China’s 3G Plans to Benefit Local Vendors

Three Chinese mobile networks plan to spend a total of 280 billion yuan ($41 billion) over the next two years building out 3G networks, for which the government will announce licenses at the end of 2008 or in early 2009. Plans like that would normally have equipment vendors around the world salivating, but in truth it’s Chinese vendors Huawei and ZTE that will likely gain most of the yuan in this transition. The two vendors are rare among their telco equipment-making peers in expecting growth in 2009 and both have cited the Chinese transition to 3G has the reason behind their optimism.

China’s three mobile carriers will each use a different flavor of CDMA, with China Mobile (s chl), the country’s largest carrier with some 450 million subscribers, using TD-SCDMA, a homegrown Chinese standard that isn’t even finalized yet.
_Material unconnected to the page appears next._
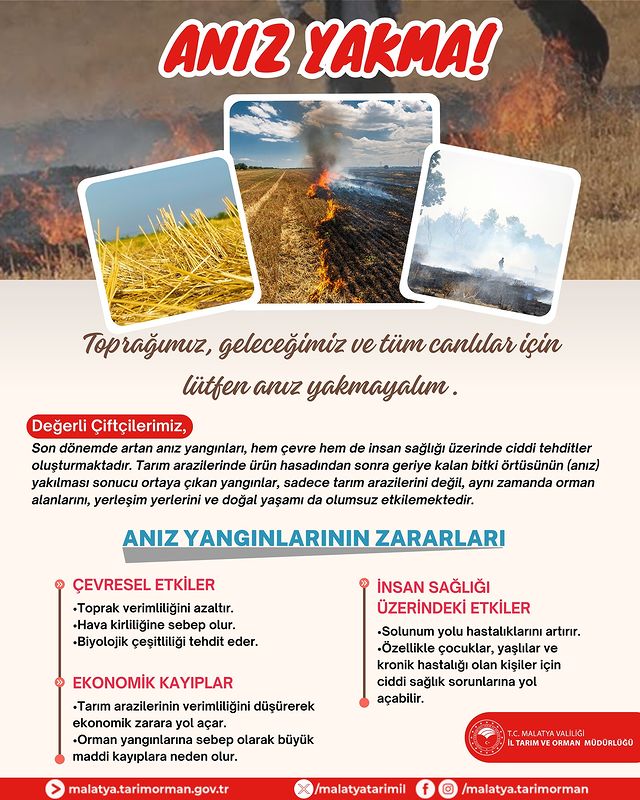Malatya Tarım İl Müdürlüğü Çiftçilere Anız Yakmanın Zararlarını ve Cezai Yaptırımlarını Anlattı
However, Huawei is already planning data cards for the standard in 2009.

Ericsson (s ERIC) said through a spokeswoman that it will also offer TD-SCDMA products (it, too, expects growth in 2009 driven by China and India’s 3G rollouts). However a Beijing consulting firm told the Financial Times that Ericsson (s eric) would likely only get 10-20 percent of the TD-SCDMA business. Other vendors appear less interested. Nortel (s NOT) doesn’t have any products planned for TD-SCDMA. Other vendors did not respond to requests for comment.
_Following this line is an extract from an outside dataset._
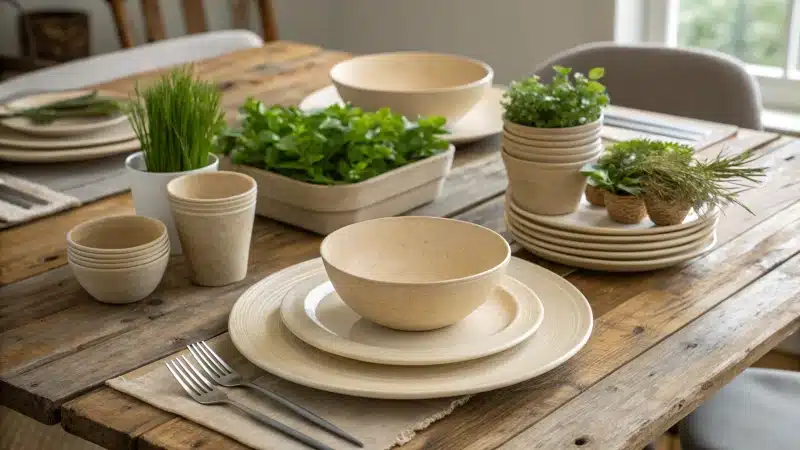 A dining table set with sustainable tableware and greenery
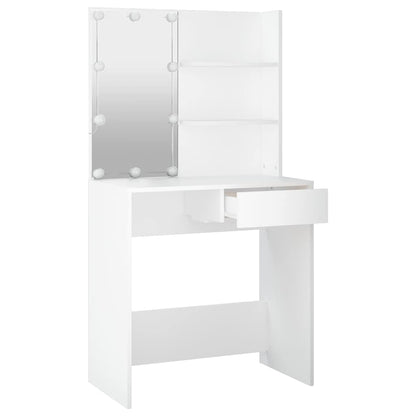 Dressing Table with LED White 74,5x40x141 cm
Smaller providers (which were created through a series of mergers to provide competition to China Mobile) will use more globally adopted standards. China Unicom (s CU), with 132 million subscribers, will license WCDMA and China Telecom (s CHA), with 28 million subscribers, will use CDMA2000.

As for Qualcomm (s QCOM), the granddaddy of CDMA licensing, the company said through a spokesman, “Qualcomm supports all 3G CDMA standards, including TD-SCDMA, which is based on CDMA technology. We are dedicated to nurturing the overall development of the wireless industry. As a member of the TD-SCDMA Forum, we pay close attention to the standard’s development in China and continue to strengthen our efforts as a TD-SCDMA partner.”

Since Qualcomm doesn’t get any royalties for TD-SCDMA they’re likely not huge fans, but the fact that the smaller carriers will offer variations on CDMA that do offer some royalty fees might serve as somewhat of a balm. However, it looks like China’s transition to 3G will be provide quite the feast for¬† ZTE and Huawei, while Ericsson and Qualcomm will pick up a few scraps.